KGE (Kling-Gupta Efficiency) (kge): A composite metric evaluating correlation, bias, and variability components. Ranges from -\(\infty\) to 1. Ideal: 1.
Willmott’s Index of Agreement (willmott): Measures the degree of model prediction error, standardized by observed variability. Ranges from 0 to 1. Ideal: 1.
Peak Ratio (pr): Ratio of the maximum modeled value to the maximum observed value over the matched time period.
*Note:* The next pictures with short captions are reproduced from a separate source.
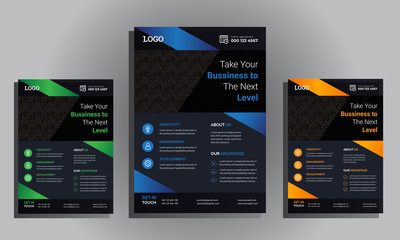 Modern smart Corporate Design Template,This Design For Flyer,Magazine,Poster,Presentation.This Design Front & Back Easy To Use & Edit.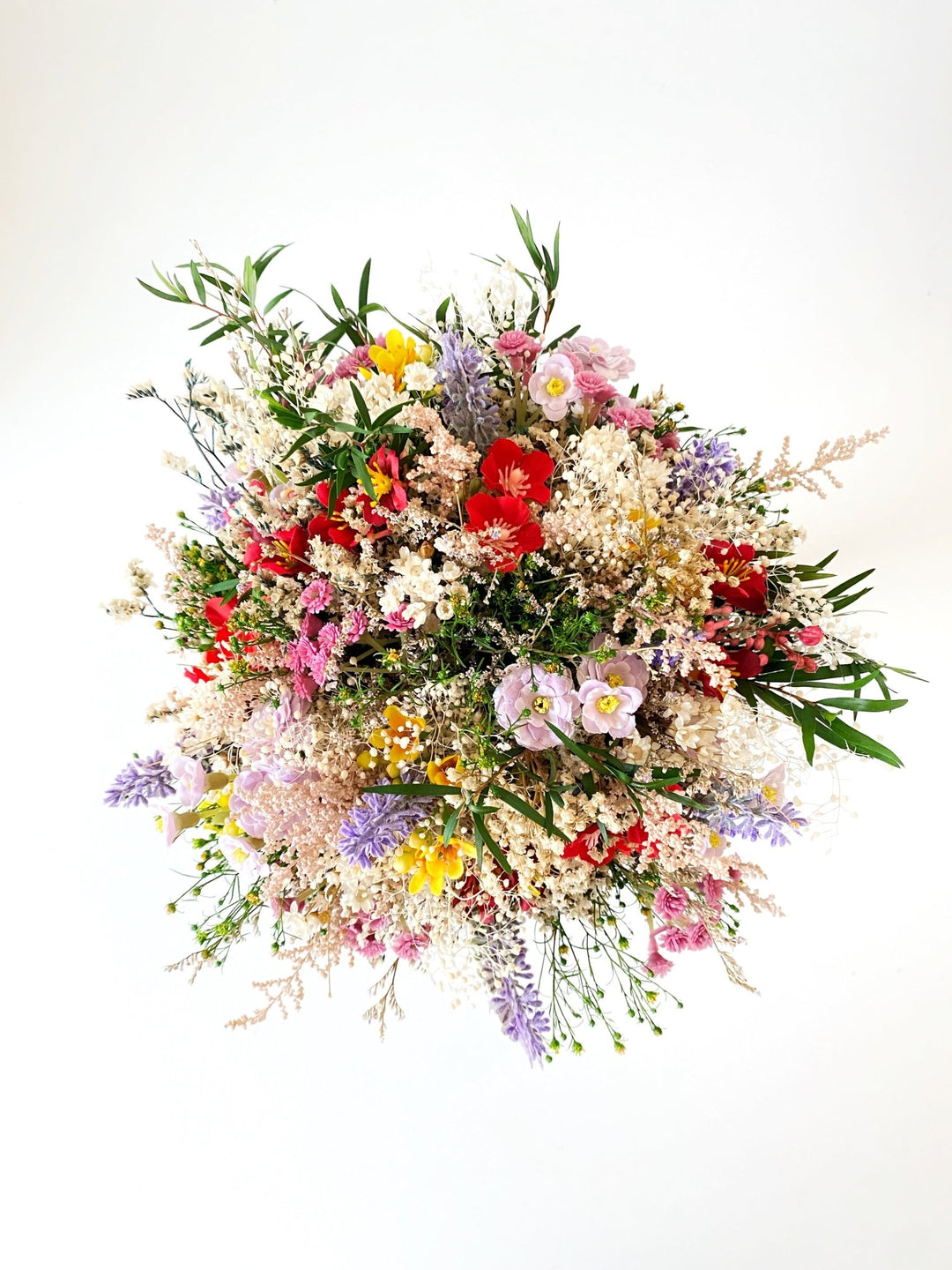 Wildflower Bridal Bouquet – Small Meadow Wedding Bouquet – handmade floral hair accessory by magaela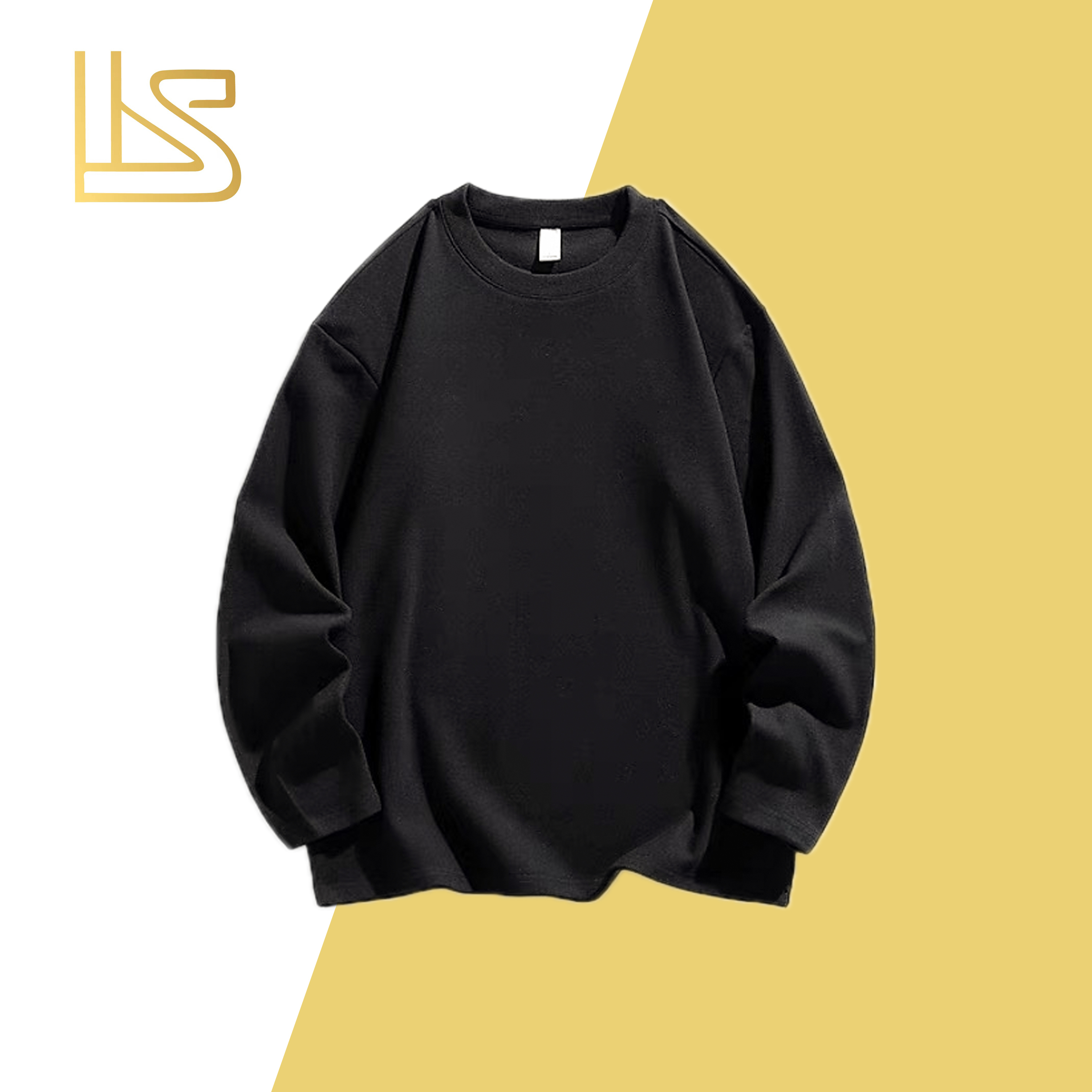 901-2-加绒款秋冬季百搭时尚休闲男女同款长袖圆领套头卫衣*酷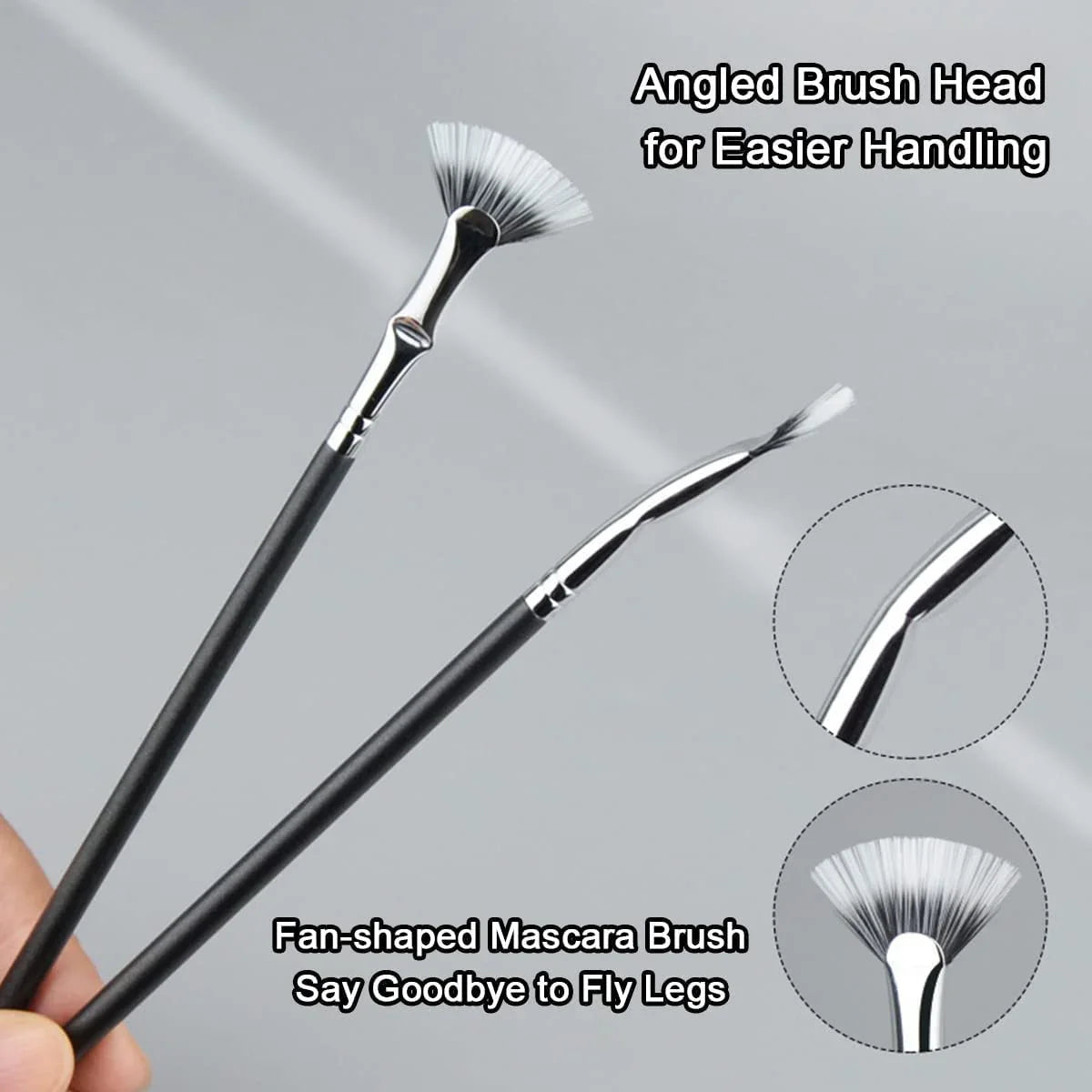 Folding Angle Scalloped Lash Brush ( BUY 1 GET 1 FREE )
Ideal: 1.0.

You can change the default list of metrics that are used by skill() and mean_skill() as follows:

ms.set_option("metrics.list", ['bias', 'rmse', 'nse', 'kge', 'willmott', 'pr'])
cc.skill()

	n	bias	rmse	nse	kge	willmott	pr
observation
116l1	121	0.003229	0.068114	0.982405	0.977502	0.995498	0.944704
12l1	121	-0.004083	0.063414	0.942928	0.932798	0.984693	0.891797

Note

Reset to default values with ms.reset_option("metrics.list").

For a comprehensive list of all available metrics and their precise definitions, please refer to the official ModelSkill API documentation for metrics.

Adding Custom Metrics

ModelSkill’s metrics are extensible. You can define and use your own custom skill score functions if needed. If you believe a metric would be broadly useful, consider suggesting it for inclusion in ModelSkill via a GitHub issue.